The similarity score measures how similar a CLIP dataset's top motifs are compared to all other datasets. It is calculated as follows:

1. For each sample, rank all 5-mers by their PEKA enrichment score and select the top 50 k-mers.
2. For every other sample (excluding samples targeting the same protein), calculate the overlap ratio: the number of shared k-mers in both top-50 sets, divided by 50.
3. The similarity score is the mean of all pairwise overlap ratios.

Interpretation:

• A score of 0 means the sample's top 50 k-mers were not found in any other dataset's top 50.
• Higher scores indicate that the sample's enriched motifs are commonly enriched across many other datasets (e.g. general RNA-binding motifs).
• Lower scores indicate more unique or protein-specific binding preferences.

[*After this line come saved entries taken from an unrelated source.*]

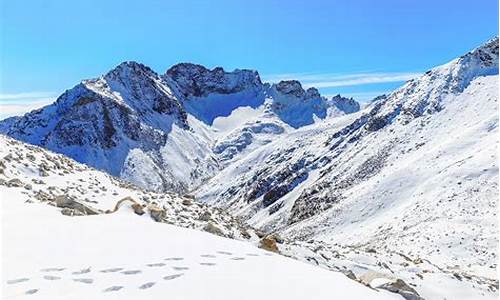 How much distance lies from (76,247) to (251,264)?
4418mm

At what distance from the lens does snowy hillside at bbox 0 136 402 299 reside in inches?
412

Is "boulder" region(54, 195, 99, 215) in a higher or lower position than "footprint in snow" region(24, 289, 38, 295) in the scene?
higher

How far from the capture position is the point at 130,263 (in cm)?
1228

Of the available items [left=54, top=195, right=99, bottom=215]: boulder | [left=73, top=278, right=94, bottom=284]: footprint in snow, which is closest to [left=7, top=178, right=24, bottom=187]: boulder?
[left=54, top=195, right=99, bottom=215]: boulder

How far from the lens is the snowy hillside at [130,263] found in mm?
10461

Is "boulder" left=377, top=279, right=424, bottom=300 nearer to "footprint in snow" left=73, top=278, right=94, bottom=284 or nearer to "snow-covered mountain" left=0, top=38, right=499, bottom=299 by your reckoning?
"snow-covered mountain" left=0, top=38, right=499, bottom=299

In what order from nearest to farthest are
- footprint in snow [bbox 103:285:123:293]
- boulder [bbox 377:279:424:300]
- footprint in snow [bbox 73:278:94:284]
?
footprint in snow [bbox 103:285:123:293] < footprint in snow [bbox 73:278:94:284] < boulder [bbox 377:279:424:300]

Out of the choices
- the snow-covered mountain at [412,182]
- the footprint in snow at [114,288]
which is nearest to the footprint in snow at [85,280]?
the footprint in snow at [114,288]

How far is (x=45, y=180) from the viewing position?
26.7 meters

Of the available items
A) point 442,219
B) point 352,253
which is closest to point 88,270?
point 352,253

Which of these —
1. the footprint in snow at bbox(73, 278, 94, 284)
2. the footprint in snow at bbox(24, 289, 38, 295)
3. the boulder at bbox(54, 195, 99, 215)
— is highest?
the boulder at bbox(54, 195, 99, 215)

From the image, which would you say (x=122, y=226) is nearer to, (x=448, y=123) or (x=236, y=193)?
(x=448, y=123)

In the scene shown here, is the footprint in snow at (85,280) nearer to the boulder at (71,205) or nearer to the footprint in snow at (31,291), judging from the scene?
the footprint in snow at (31,291)

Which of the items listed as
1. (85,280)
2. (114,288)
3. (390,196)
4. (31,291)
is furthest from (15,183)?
(390,196) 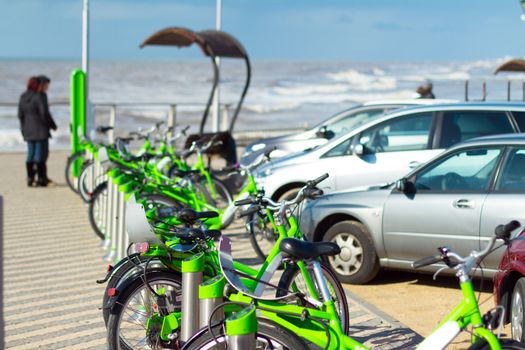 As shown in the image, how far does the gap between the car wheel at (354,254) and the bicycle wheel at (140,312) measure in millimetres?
2898

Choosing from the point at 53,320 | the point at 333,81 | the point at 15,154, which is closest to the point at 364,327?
the point at 53,320

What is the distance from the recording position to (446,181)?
26.2ft

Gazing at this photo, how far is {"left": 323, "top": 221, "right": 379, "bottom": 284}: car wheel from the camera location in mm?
8289

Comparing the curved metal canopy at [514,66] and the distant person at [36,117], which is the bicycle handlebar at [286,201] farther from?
the curved metal canopy at [514,66]

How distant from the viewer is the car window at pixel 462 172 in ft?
25.5

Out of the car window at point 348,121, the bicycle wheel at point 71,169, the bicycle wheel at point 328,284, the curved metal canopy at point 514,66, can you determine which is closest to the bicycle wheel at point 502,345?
the bicycle wheel at point 328,284

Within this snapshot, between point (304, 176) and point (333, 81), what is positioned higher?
point (333, 81)

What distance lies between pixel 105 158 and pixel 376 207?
3780 mm

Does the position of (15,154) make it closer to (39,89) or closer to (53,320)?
(39,89)

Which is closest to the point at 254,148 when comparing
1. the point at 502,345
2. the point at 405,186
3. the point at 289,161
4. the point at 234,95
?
the point at 289,161

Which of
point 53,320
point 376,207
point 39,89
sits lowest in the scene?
point 53,320

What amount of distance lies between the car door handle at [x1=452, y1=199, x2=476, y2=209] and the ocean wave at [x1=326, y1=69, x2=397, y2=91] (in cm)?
6489

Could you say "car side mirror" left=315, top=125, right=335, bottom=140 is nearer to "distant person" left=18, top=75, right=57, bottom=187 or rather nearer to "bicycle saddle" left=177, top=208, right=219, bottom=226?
"distant person" left=18, top=75, right=57, bottom=187

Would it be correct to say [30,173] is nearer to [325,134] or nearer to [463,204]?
[325,134] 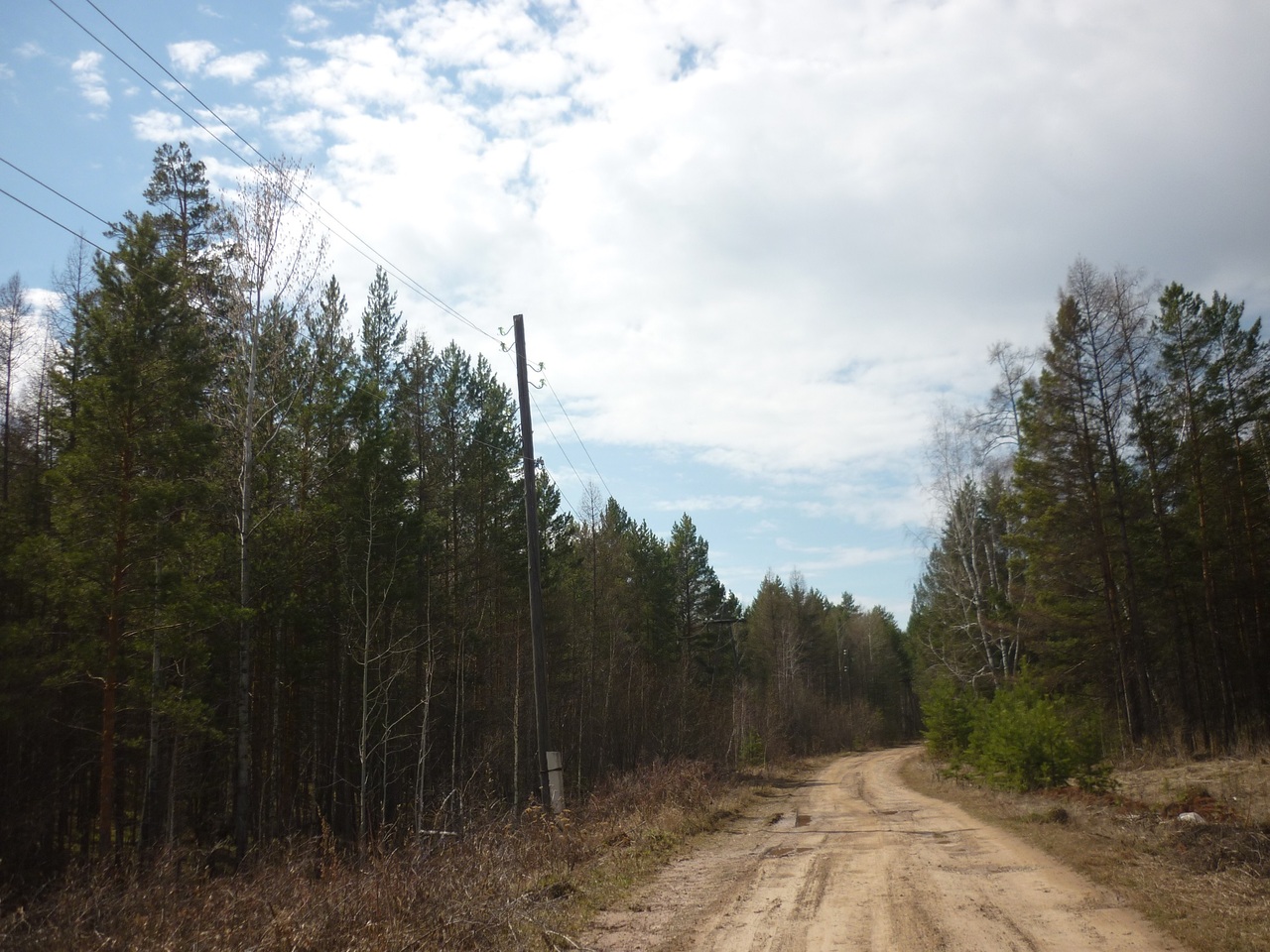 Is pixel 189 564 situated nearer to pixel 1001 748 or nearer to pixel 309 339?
pixel 309 339

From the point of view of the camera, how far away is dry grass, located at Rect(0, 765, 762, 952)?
19.0 ft

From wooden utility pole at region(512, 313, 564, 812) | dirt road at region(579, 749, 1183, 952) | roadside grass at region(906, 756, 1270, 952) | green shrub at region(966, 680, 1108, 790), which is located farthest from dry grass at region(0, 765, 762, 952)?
green shrub at region(966, 680, 1108, 790)

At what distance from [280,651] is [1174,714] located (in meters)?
28.5

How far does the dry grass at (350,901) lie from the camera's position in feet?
19.0

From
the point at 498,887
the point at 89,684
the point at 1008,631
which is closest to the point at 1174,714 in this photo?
the point at 1008,631

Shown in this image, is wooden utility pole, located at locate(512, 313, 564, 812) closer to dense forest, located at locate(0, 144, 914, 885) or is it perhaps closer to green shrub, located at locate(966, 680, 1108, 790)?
dense forest, located at locate(0, 144, 914, 885)

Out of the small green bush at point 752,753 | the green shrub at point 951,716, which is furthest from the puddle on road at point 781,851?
the small green bush at point 752,753

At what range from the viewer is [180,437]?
1568cm

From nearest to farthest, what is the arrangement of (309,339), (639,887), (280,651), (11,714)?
(639,887), (11,714), (309,339), (280,651)

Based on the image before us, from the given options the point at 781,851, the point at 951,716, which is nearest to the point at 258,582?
the point at 781,851

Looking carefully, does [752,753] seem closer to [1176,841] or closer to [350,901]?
[1176,841]

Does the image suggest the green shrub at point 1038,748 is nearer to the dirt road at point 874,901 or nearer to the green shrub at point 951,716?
the dirt road at point 874,901

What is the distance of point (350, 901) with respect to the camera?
654 cm

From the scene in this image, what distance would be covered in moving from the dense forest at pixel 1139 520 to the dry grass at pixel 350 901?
732 inches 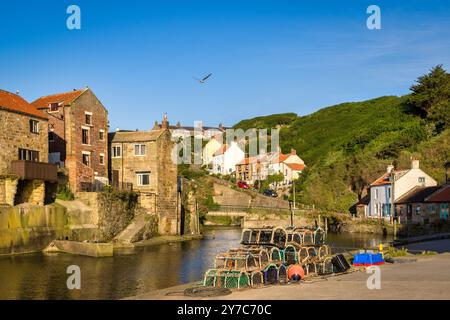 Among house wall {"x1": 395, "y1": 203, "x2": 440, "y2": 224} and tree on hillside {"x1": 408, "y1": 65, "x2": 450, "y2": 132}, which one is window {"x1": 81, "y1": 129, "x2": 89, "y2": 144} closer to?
house wall {"x1": 395, "y1": 203, "x2": 440, "y2": 224}

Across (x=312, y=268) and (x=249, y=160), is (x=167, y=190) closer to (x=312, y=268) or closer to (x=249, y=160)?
(x=312, y=268)

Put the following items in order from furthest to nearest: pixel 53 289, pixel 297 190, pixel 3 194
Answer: pixel 297 190 < pixel 3 194 < pixel 53 289

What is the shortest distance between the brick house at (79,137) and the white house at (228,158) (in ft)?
247

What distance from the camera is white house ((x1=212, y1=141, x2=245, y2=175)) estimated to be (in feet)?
448

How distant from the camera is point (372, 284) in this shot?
2188 cm

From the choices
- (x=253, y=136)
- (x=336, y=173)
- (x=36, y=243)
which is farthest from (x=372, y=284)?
(x=253, y=136)

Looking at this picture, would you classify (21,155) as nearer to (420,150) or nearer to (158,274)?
(158,274)

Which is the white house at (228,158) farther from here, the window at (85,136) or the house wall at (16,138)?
the house wall at (16,138)

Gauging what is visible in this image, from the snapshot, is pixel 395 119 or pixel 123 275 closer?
pixel 123 275

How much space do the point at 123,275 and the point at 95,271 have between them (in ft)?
8.30

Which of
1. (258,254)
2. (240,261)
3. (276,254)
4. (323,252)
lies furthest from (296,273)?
(323,252)

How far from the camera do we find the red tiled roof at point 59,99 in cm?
5881

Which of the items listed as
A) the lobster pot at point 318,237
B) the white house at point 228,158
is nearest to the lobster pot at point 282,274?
the lobster pot at point 318,237

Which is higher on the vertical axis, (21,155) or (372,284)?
(21,155) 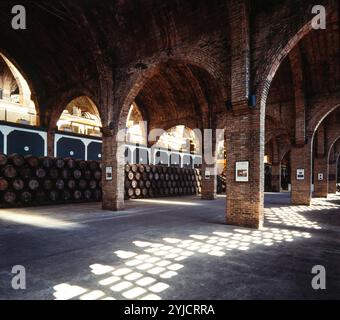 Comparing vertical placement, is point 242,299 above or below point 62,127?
below

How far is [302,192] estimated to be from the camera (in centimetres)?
1296

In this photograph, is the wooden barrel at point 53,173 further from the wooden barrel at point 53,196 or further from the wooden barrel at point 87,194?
the wooden barrel at point 87,194

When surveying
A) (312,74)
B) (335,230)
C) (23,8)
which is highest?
(23,8)

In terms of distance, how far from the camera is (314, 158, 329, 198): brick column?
1872 centimetres

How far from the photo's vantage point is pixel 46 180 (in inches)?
435

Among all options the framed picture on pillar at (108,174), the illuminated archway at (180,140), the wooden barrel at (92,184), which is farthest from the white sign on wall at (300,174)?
the illuminated archway at (180,140)

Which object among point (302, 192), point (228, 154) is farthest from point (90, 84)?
point (302, 192)

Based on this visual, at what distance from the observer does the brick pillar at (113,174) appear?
31.4ft

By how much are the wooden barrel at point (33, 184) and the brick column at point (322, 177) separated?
19336 millimetres

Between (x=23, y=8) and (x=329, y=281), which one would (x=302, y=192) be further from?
(x=23, y=8)

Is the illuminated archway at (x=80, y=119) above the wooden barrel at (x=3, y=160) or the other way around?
above

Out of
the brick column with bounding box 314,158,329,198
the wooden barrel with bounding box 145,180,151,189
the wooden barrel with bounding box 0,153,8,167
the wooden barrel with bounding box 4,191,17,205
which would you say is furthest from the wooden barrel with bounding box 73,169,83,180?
the brick column with bounding box 314,158,329,198

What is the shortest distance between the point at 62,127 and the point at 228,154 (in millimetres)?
21929

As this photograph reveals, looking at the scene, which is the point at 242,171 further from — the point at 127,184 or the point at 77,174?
the point at 127,184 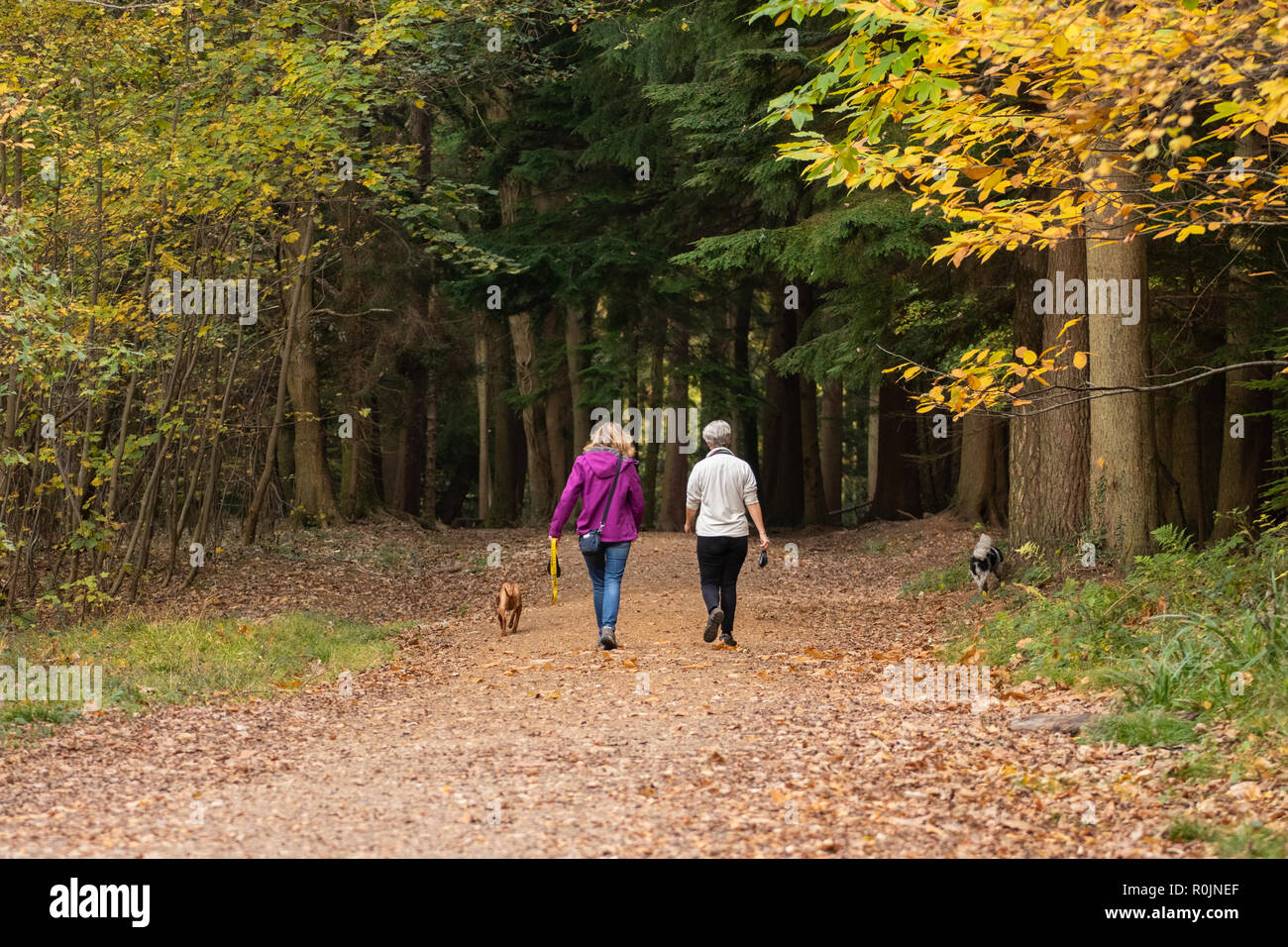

Same-protein comparisons are excluded so that similarity reflects cross-protein overlap rather than replicate consistency.

plot_circos.py

Generates the circos visualization.

from plot_circos import create_circos_plot

# Default settings
create_circos_plot()

# Custom filtering
create_circos_plot(
    output_file='my_plot.png',
    min_crosslinks=150000,  # Minimum deduplicated reads
    max_pcr_ratio=5         # Maximum PCR duplication ratio
)

enrich_sample_metadata.py

Enriches filtered_data.json with detailed sample metadata from the API.

python enrich_sample_metadata.py

Filtering Criteria

The circos plot applies these quality filters:

• Minimum crosslinks: 150,000 deduplicated reads
• Maximum PCR ratio: 5 (input reads / deduplicated reads)

Output Files

File	Description
filtered_data.json	Sample metadata and file information
sample_metrics.csv	Sample ID, PCR duplication rate, crosslink counts, similarity score
regional_distribution_circos_motif.png	Main circos visualization
pcr_duplication_histogram.png	PCR duplication ratio distribution
pcr_duplication_by_target.png	Box plot by purification target

SLURM Cluster Download

For large downloads on HPC clusters, use the --slurm flag to generate job scripts instead of downloading directly:

# 1. Generate SLURM job scripts (no downloads yet)
python download_files.py --slurm --slurm-dir slurm_logs

# Or with filters (human-only, specific project/pipeline)
python download_files.py --slurm --slurm-dir slurm_logs --organism Human
python download_files.py --slurm --slurm-dir slurm_logs --project <PROJECT_ID> --pipeline "hanalysis clipseq"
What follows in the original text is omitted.